21 ハーフエルフっ娘と電気1
やっと電気が登場します。
「暑いわねぇ」
ロックムートの工房で、フォーリィは額に玉のような汗を浮かべながら椅子の上でだけらけていた。
「まあ、ここは火を扱うからな」
ロックムートは答えながら、彼女に頼まれた新しい製品の試作品を組み立てていた。
「あ、いや、ここが暑いとかじゃなくて。いや、ここは暑いんだけどね。そうじゃなくて夏になったなぁ、と思って」
8の月に入って本格的な夏が訪れると、やはり欲しくなるのはアレだ。
「ほれ、できたぞ」
「おおおっ♪待ってました」
組み上った製品を受け取ると、フォーリィは早速エンチャントの魔石が埋め込まれているバンドを腕に巻いた。
「今度の製品は何に使うんだ」
興味深々の目を向けるロックムート。
「これはね、こう使うの」
彼女がバンドに魔力を流すと、羽根が回り出す。
そう、扇風機だ。
「あ~、涼しい♪」
フォーリィは顔を近づけて風を堪能する。
「おおっ、何だこれ?」
「扇風機よ。
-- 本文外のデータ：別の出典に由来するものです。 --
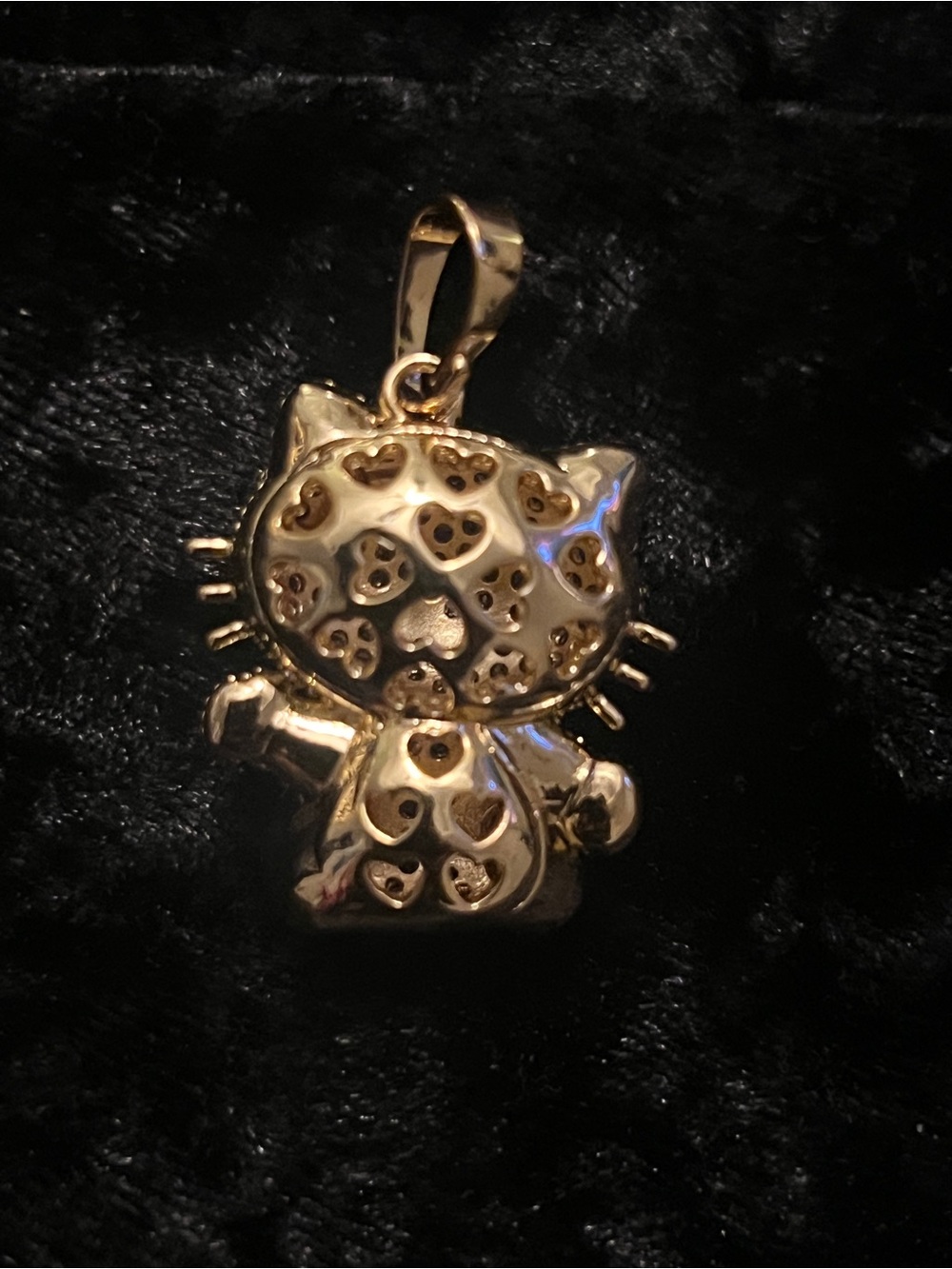 Hello Kitty Pendant - Picture 4 of 4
風を送って涼しくする道具」
やっと暑さが凌げ、ひと心地ついたフォーリィは――
「ワレワレハ、ウチュウジンダ」
扇風機の前で、誰もが一度はやってみる遊びをした。
「な……なんだ?」
勿論、そんな遊びを知らないロックムートは、彼女の奇行にどう反応していいのかが分からなかった。
「声が変わって面白いでしょ?」
「ああ、不思議だな。でも、ウチュジンって何だ?」
宇宙に地球と同じような星がある事を知っている者がいないこの世界。彼女はそれを説明する気力も必要性もなかった。
「何でもいいのよ、例えば――」
『ユウシャ ヨ!ヨク キタナ!ワガ マオウ ノ シロ ヘ』
フォーリィ、迫真の演技だった。
「おおっ、すげえ。面白いな、これ」
「でしょ♪」
「ところで、思ったんだけどよ」
暫くして新製品の興奮が治まったころ、ロックムートがふと疑問を口にした。
「これ、魔道モーター使わずに直接、風の魔石で風を送った方が良くないか?」
「なっ?」
身も蓋もなかった。
「で、でも、これは……ほ、ほら……この出っ張りを押すと首を振るのよ」
「まあ、確かに風の魔石だけじゃ首振り出来ないかな……」
「で、でしょ」
懸命に弁明するフォーリィだった。
「まあ、でもこれは売り物にならないんだけどね」
暫くしてフォーリィがポツリと言った。
「売り物にならない?何でだ?」
ロックムートの疑問に、フォーリィは眉尻を下げて答える。
「誰か一人が、皆のために魔力を供給し続けなくちゃならなくなるからよ」
洗濯機はまだいい。主婦が家事の片手間に洗濯できるのだから。でも扇風機は違う。家族内、仲間内の力関係で魔力供給を強いられる者が出るのは目に見えていた。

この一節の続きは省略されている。